Bug is still there in the fc6 kernel. The redhat bugzilla bug referred to in the
comments is not accessible from outside Red Hat. There is no public status
on this problem. Can somebody in RH please clone 
https://bugzilla.redhat.com/bugzilla/show_bug.cgi?id=217433
as a the kernel bug for FC6?

Comment 8 Andrew Cagney 2007-02-06 19:49:01 UTC

Suspending bug while upstream issue resolved.

(It looks like this test is illustrating a race condition that became more racy
in the switch from .17 to .18 based kernels).

Comment 9 Kris Van Hees 2007-02-09 01:31:52 UTC

Looking closer at this problem, I think that the problem is actually with the
test itself.  It contains the following code (specific to FC6):

      char buffer [1024];
      int n = pread (fd, buffer, sizeof (buffer), 0);
      if (n <= 0) {
        // On FC-6 the thread completly disappears from /proc.
        if (errno == ESRCH) {
          printf ("%d.%d pread returns %d (%s)\n",
                  getpid (), gettid(),
                  errno, strerror (errno));
          exit (1);
        }
        perror ("pread");
        exit (1);
      }

Given that the comment states that the behaviour in FC6 is that the thread
disappears completely from /proc, the exit code should be 0 in this case,
signaling a successful completion of the test case.

I don't have CVS commit privs as far as I know, so could someone make this
change (assuming of course I am right)?

Comment 10 Andrew Cagney 2007-02-09 14:59:41 UTC

(In reply to comment #9)
> Looking closer at this problem, I think that the problem is actually with the
> test itself.

That was deliberate - detect the specific condition causing the corresponding
test to fail and then exit with failure on that.

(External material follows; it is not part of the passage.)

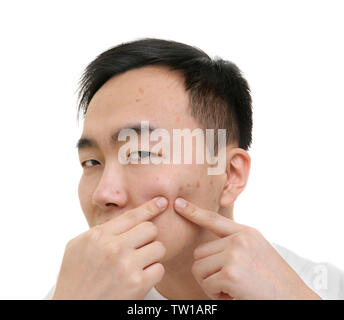 Young Asian man popping boutons, sur fond blanc Banque D'Images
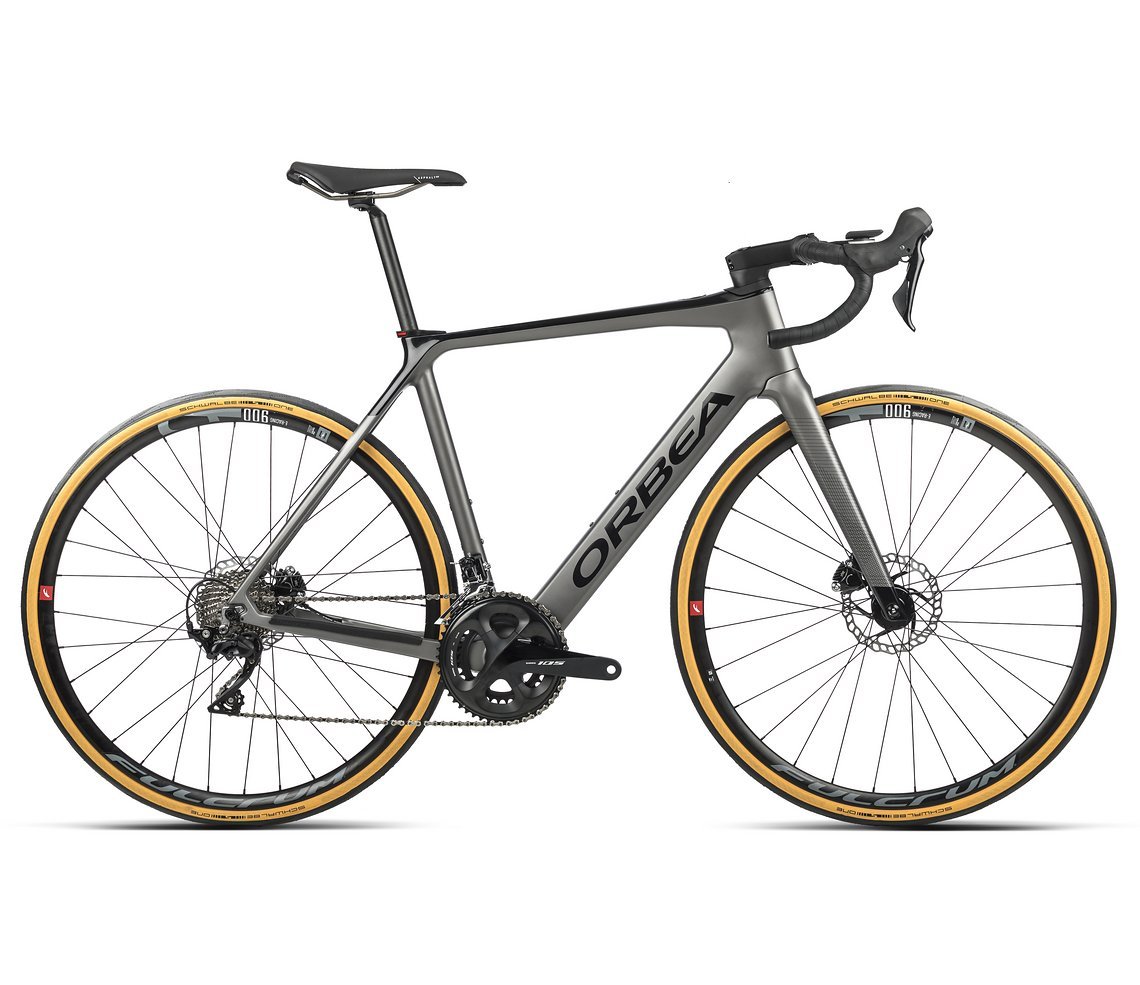 Orbea Gain M30 mit mechanischer Shimano 105 2x11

Here's a description of what is going on from roland:
> please show the /proc/pid/status contents with X state.
> The X (EXIT_DEAD) state means in the middle of being reaped.
> For a noninitial nptl thread, this means almost finished dying,
> since the threads "reap" themselves (when not ptraced).  There
> is just a short race window after the thread starts dying when
> it can still be looked up in /proc.  I suspect nothing changed
> but the timing.  The only non-race way you can ever see X state
> is if you opened an fd on the /proc file before it died, then
> read later from that open fd.

So the kernel test needs adjusting, and a lot more comments, and the
correspnding testTerm might need a re-think.

Comment 11 Andrew Cagney 2007-07-16 22:16:24 UTC

There is a race between ptrace/waitpid seeing an event and /proc/$$/stat[us]
seeing or reflecting that same event.  Consequently what can be seen on one
kernel (here X state) won't be seen on later kernels.